Cécile Kyenge will face trial in the northern city of Piacenza over comments made in an interview during a social democratic event when she reacted to a photograph posted on social media by Roberto Calderoli, a former senator of the far-right League party depicting her as an orangutan.
The ridiculous lawsuit follows her 2017 victory in a four-year legal battle against an Italian member of the European Parliament, Mario Borghezio who was found guilty of defamation and racial hatred during a radio interview in 2013.
Borghezio said in the interview that Kyenge was trying to “impose her tribal traditions from the Congo” on Italian society; “she took away a job from an Italian doctor”; and she is “a good housewife but not a government minister.”
Cécile Kyenge became Italy’s first Black cabinet minister under Prime Minister Enrico Letta’s short-lived government in 2013. She immediately became the target of sustained racist attacks as she received death threats on social media, had banana thrown at her in public and was compared to an orangutan.

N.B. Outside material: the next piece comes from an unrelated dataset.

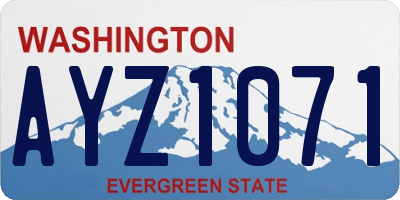 WA license plate AYZ1071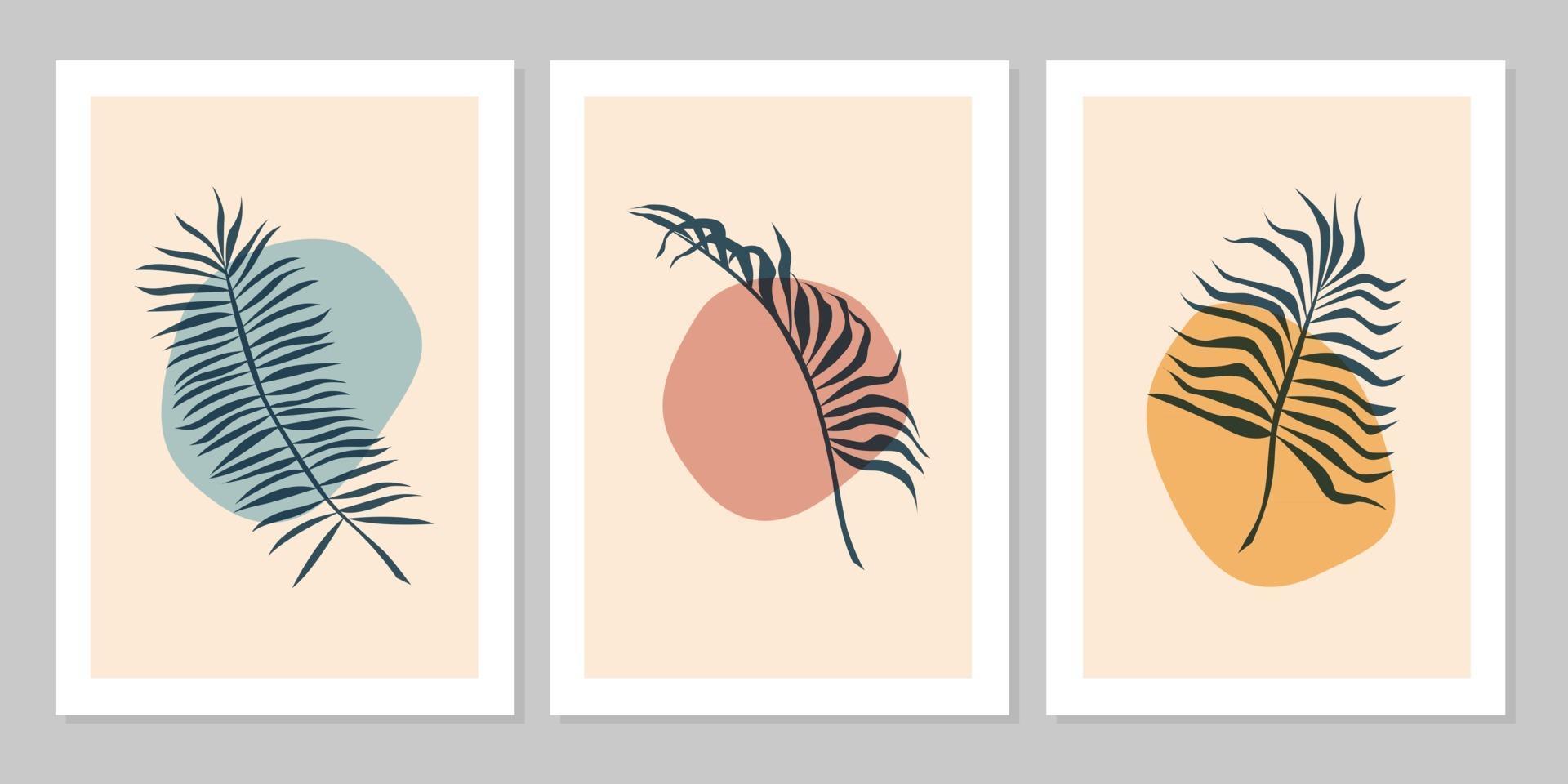 Hand drawn botanical wall art abstract set boho tropical leaf with color shape isolated on beige background. Vector flat illustration. Design for pattern, posters, invitation, greeting card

Five years after leaving government, Matteo Salvini is continuing the attacks on Kyenge who posted her displeasure on social media together with examples of headlines generated by the party over the years, including one dating back to 2009 when Salvini called for racial segregation on Milan’s public transport system, cites the Guardian.

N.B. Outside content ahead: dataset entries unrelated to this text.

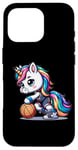 Coque pour iPhone 16 Pro Licorne mignonne de joueur de basket-ball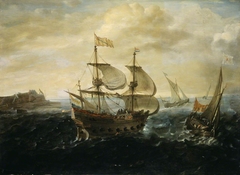 A Dutch ship running out of a harbour by Andries van Eertvelt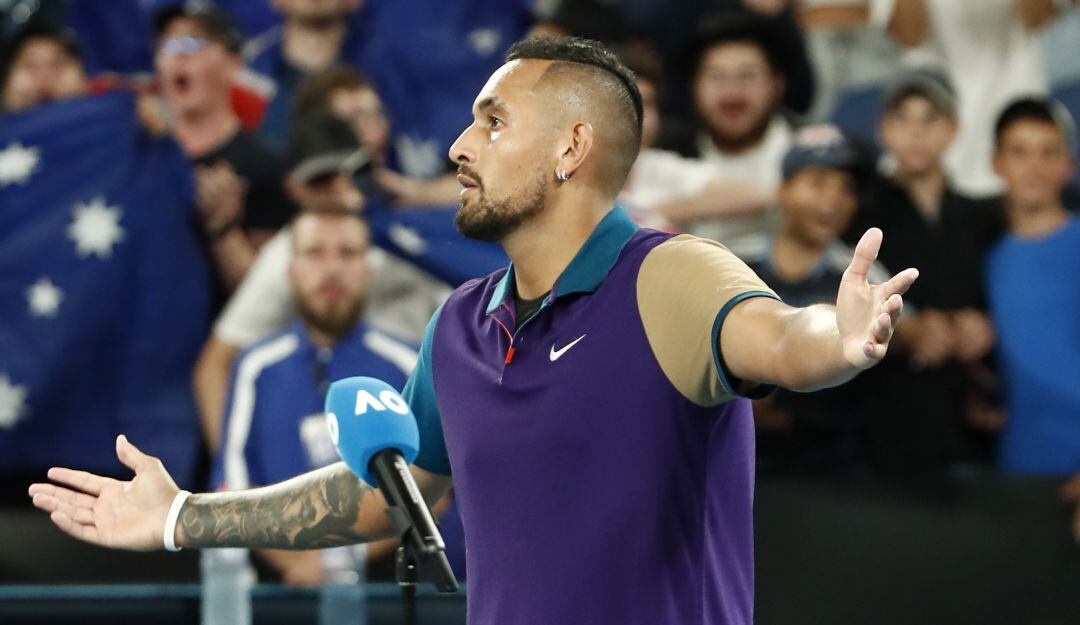 Nick Kyrgios festeja luego de eliminar en cinco set al francés Ugo Humbert.
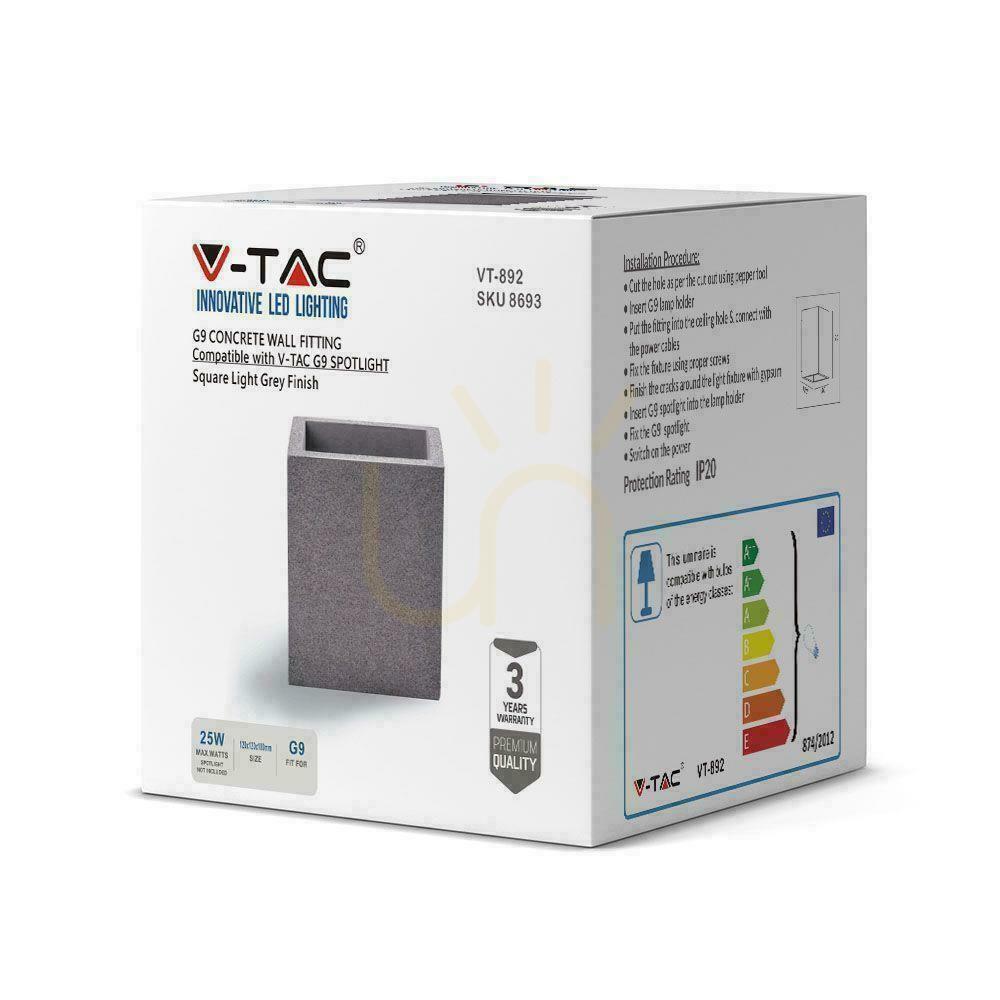 previzualizare V-TAC BETON lampă de perete G9 LED Square Lumină gri IP20 VT-892 V-TAC BETON lampă de perete G9 LED Square Lumină gri IP20 VT-892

This is the second and successful suit filed by Salvini after the judge ruled that her comments not only stained the party but insulted all its members, the Guardian adds.

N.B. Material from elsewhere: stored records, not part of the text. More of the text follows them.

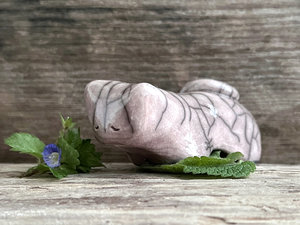 Sleepy pink cat kami sculpture | cute guardian for Shinto, shamanism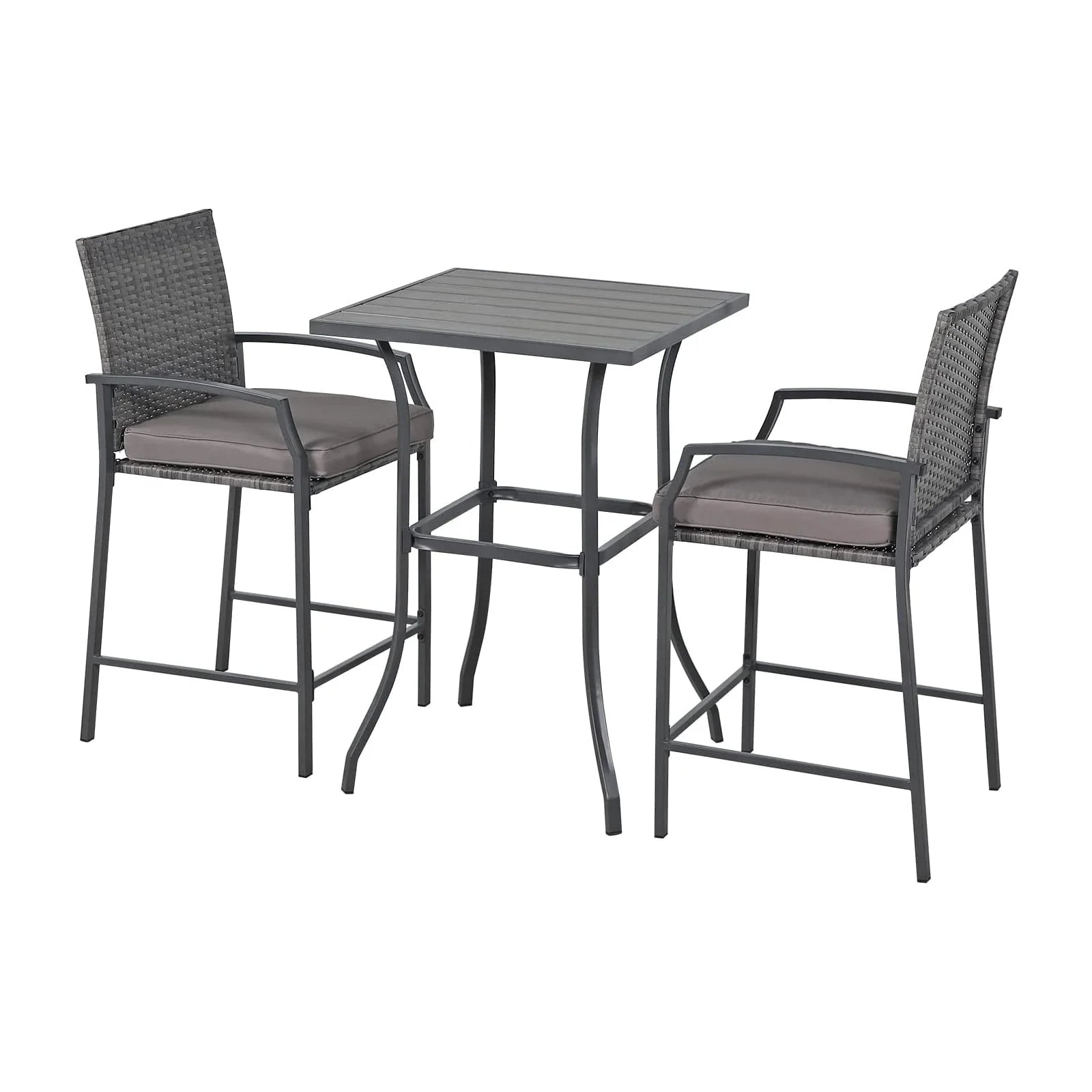 Patio Bar Set, 3 Piece Outdoor Wicker Bistro Set, All-weather Rattan Height Bar Stools with Cushions, Wood Top Bar Height Table Bistro Bar Set for 2 people, for Backyard, Patio, Pool, Garden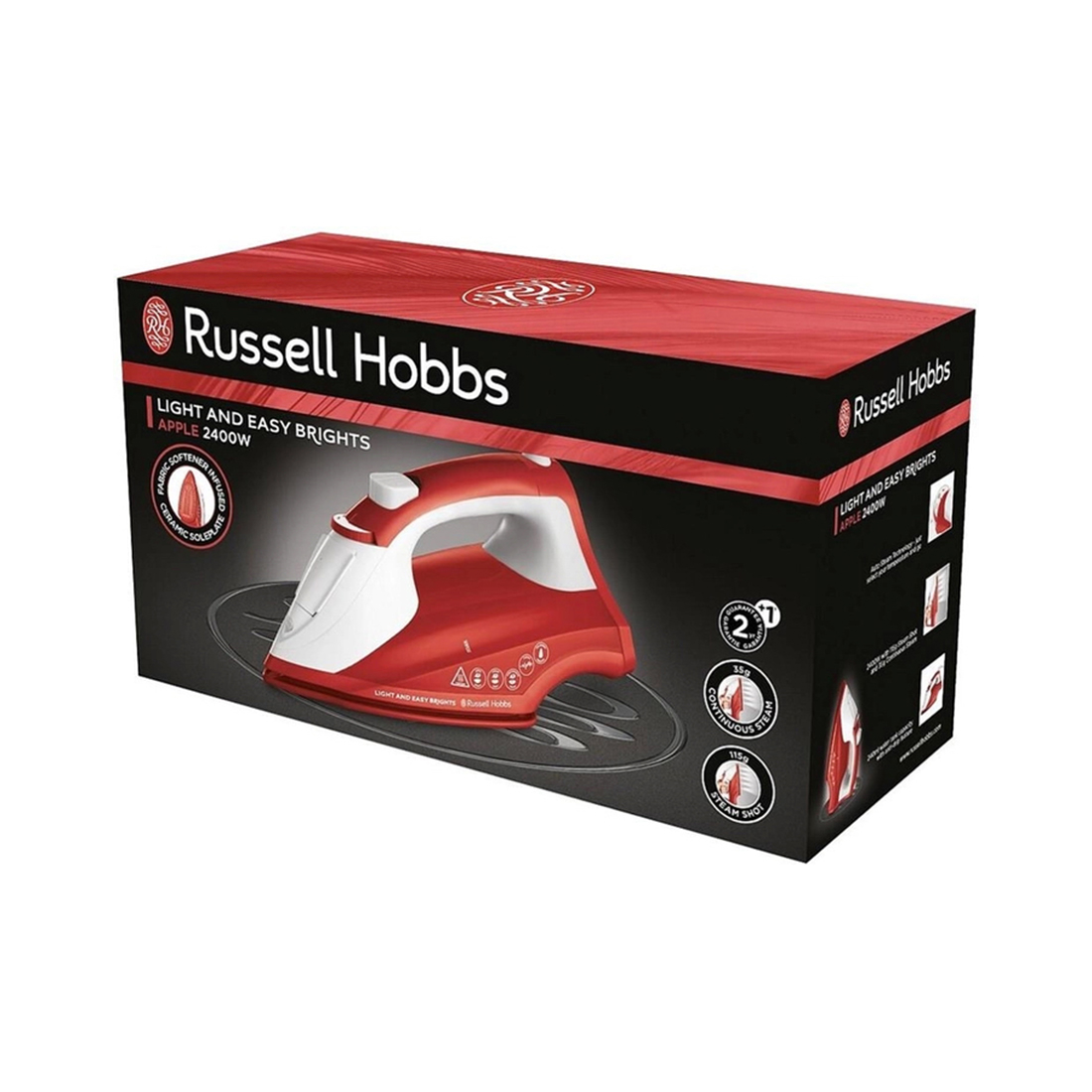 Утюг, Russell Hobbs, 26481-56, Мощность 2400Вт, Керамическая подошва, Паровой удар 115г/мин, Постоянная подача пара 35г/мин, Функция защиты от капель, Функция защиты от накипи, Объем резервуара для воды 240 мл, Длина шнура 2м, Красный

“Now that he is a minister he is more powerful,” Kyenge told the Guardian, adding that, “I said publicly several times that the League must distance itself from racism and condemn and penalise it.
“They not only never did this but people convicted of racist acts are still in positions of authority. If the League doesn’t distance itself it must mean that the party shares the [racist] views,” she said.
Born in the Democratic Republic of Congo, Kyenge moved to Italy in 1983, training as an ophthalmologist and later venturing into politics in order to advocate for the rights of migrants and minority groups.
Salvini has continued his attacks on African migrants as he described them as “slaves” during a closed-door session of a migration and security conference hosted by Austria.
“I’m paid by citizens to help our young people start having children again the way they did a few years ago, and not to uproot the best of the African youth to replace Europeans who are not having children anymore,” he said.
The Italian far-right leader added: “Maybe in Luxembourg there’s this need, in Italy there’s the need to help our kids have kids, not to have new slaves to replace the children we’re not having.”
Salvini, who heads the Italian League party that holds a tough stance against immigration, made the racist remark in response to a public statement implying that Italy needed immigrants because the population was ageing.
The only reaction from the conference was a condemnation by Luxembourg’s foreign and immigration minister Jean Asselborn who interrupted the Italian by saying in French, “In Luxembourg, we had tens of Italian immigrants. They came as migrants, who worked in Luxembourg so that you could in Italy have money to pay for your children.”
The African Union later issued a statement condemning Salvini and demanding a retraction from him.
An unrepentant Salvini replied at a press conference: “There is nothing to apologise for. I deny [making] any equation between immigrants and slaves. On the contrary, my statements in Vienna were to defend migrants, who some want to use as slaves. If some people want to think badly [that’s up to them]. Perhaps there was a mistake in the French translation.”